Records supplied:
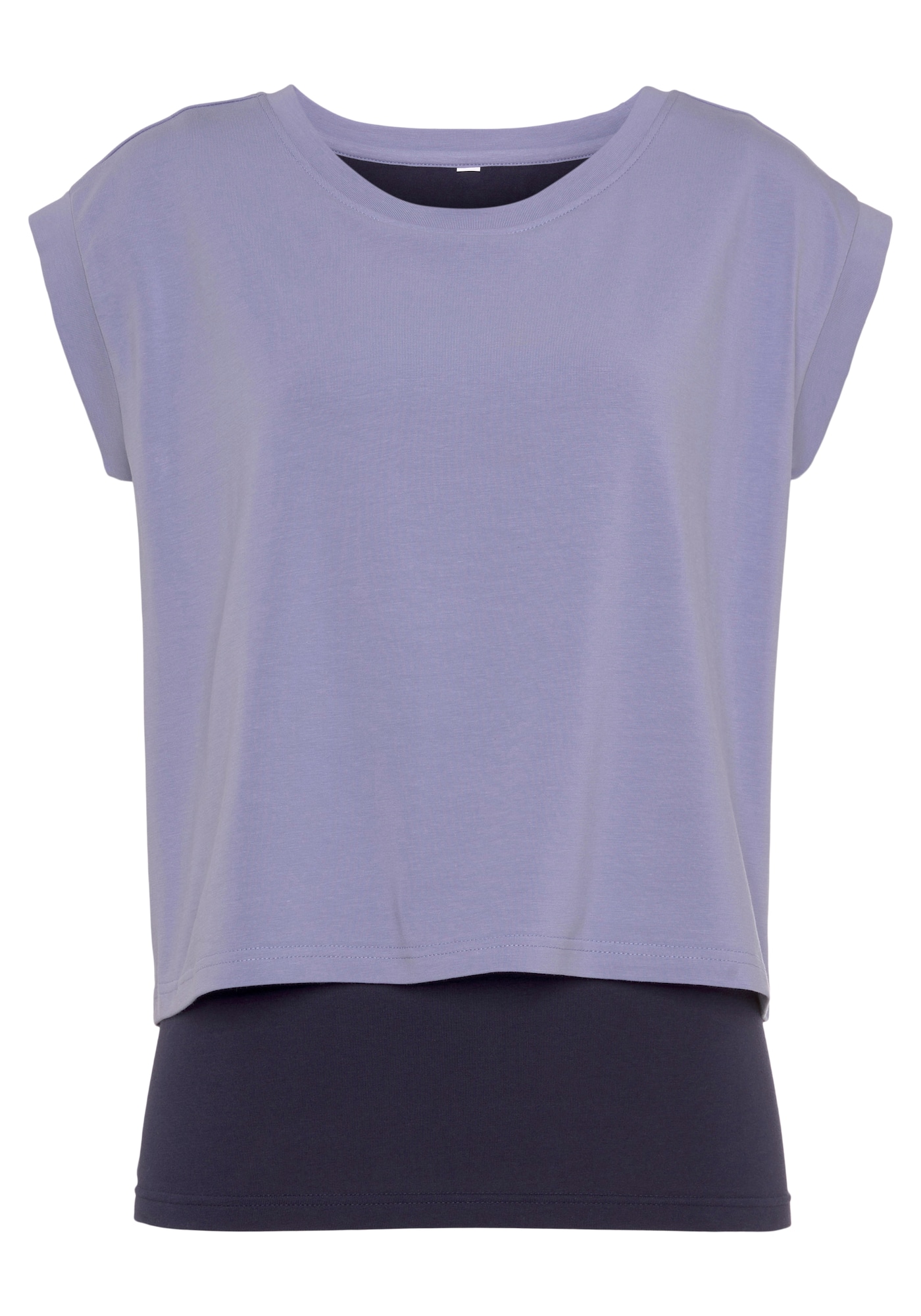 LASCANA ACTIVE Funkčné tričko  fialová / levanduľová / čierna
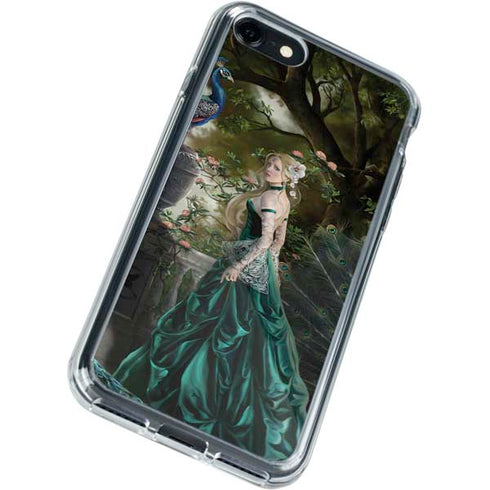 Woman with Peacocks by Nene Thomas iPhone SE (2nd & 3rd Gen) Clear Case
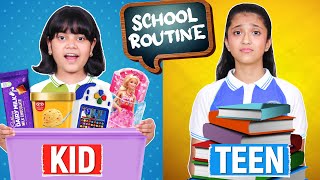 School Routine  Kid Vs Teenager  Badi Behan Vs Choti Behan  ToyStars [upl. by Mayeda]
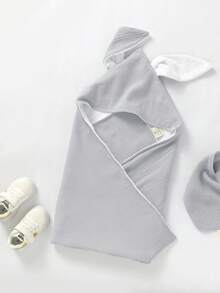 Handuk Mandi Bayi dengan Nama Kustom, Jubah Bayi Berkerudung Katun Murni Dua Lapis dari Kain Kasa, Kain Bedong Telinga Kelinci, Jubah Mandi Berkerudung untuk Bayi Laki-laki & Perempuan - MultiWarna - View 7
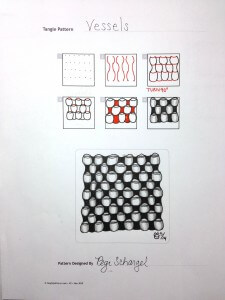 Vessels Zentangle Pattern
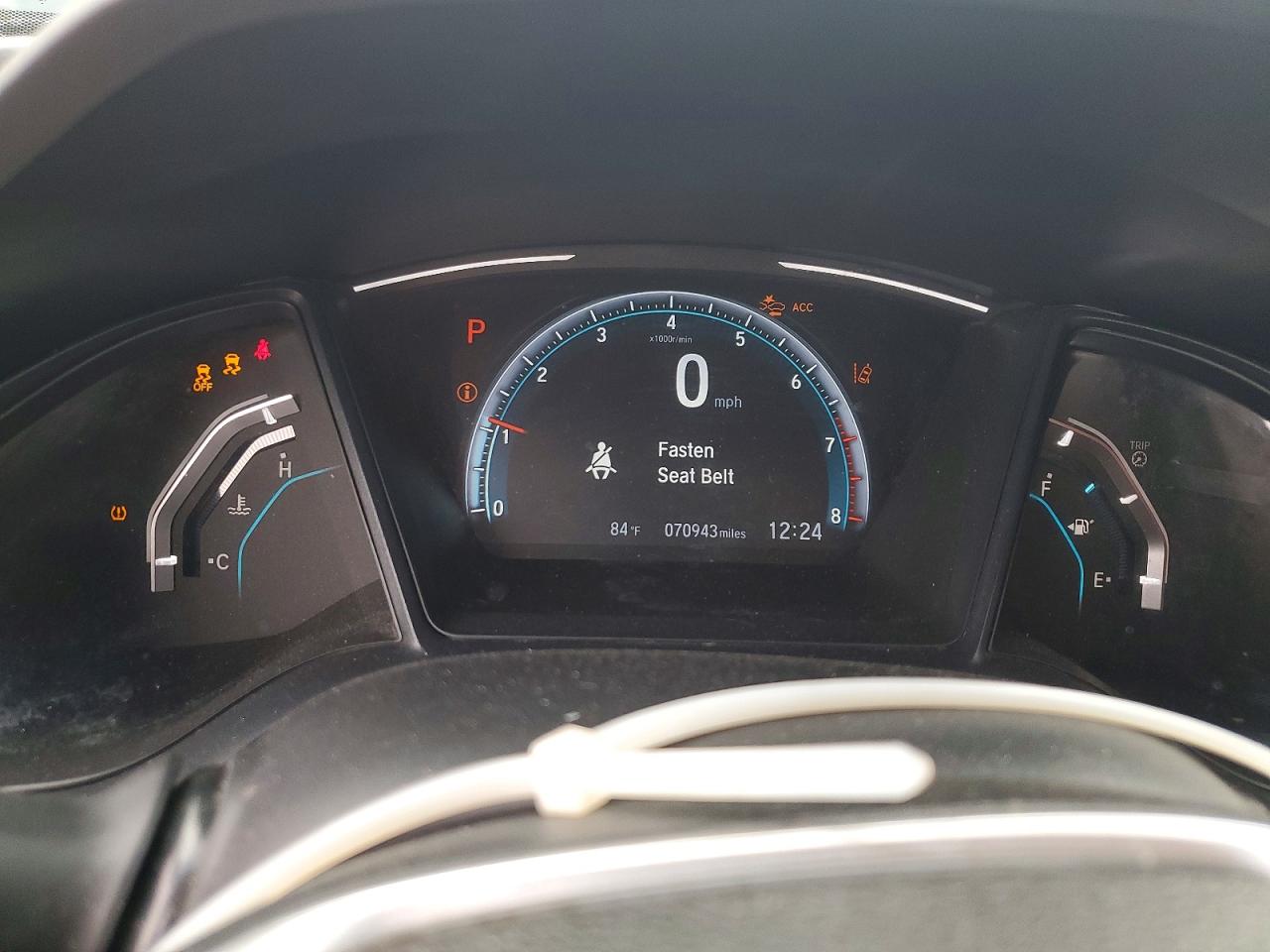 2019 Honda Civic Lx Gray vin: 19XFC2F63KE008922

Your task:
The task calls for all records to be set down precisely, excluding any images.

Reply to the task:
 LASCANA ACTIVE Funkčné tričko  fialová / levanduľová / čierna
 Woman with Peacocks by Nene Thomas iPhone SE (2nd & 3rd Gen) Clear Case
 School Routine  Kid Vs Teenager  Badi Behan Vs Choti Behan  ToyStars [upl. by Mayeda]
 Handuk Mandi Bayi dengan Nama Kustom, Jubah Bayi Berkerudung Katun Murni Dua Lapis dari Kain Kasa, Kain Bedong Telinga Kelinci, Jubah Mandi Berkerudung untuk Bayi Laki-laki & Perempuan - MultiWarna - View 7
 Vessels Zentangle Pattern
 2019 Honda Civic Lx Gray vin: 19XFC2F63KE008922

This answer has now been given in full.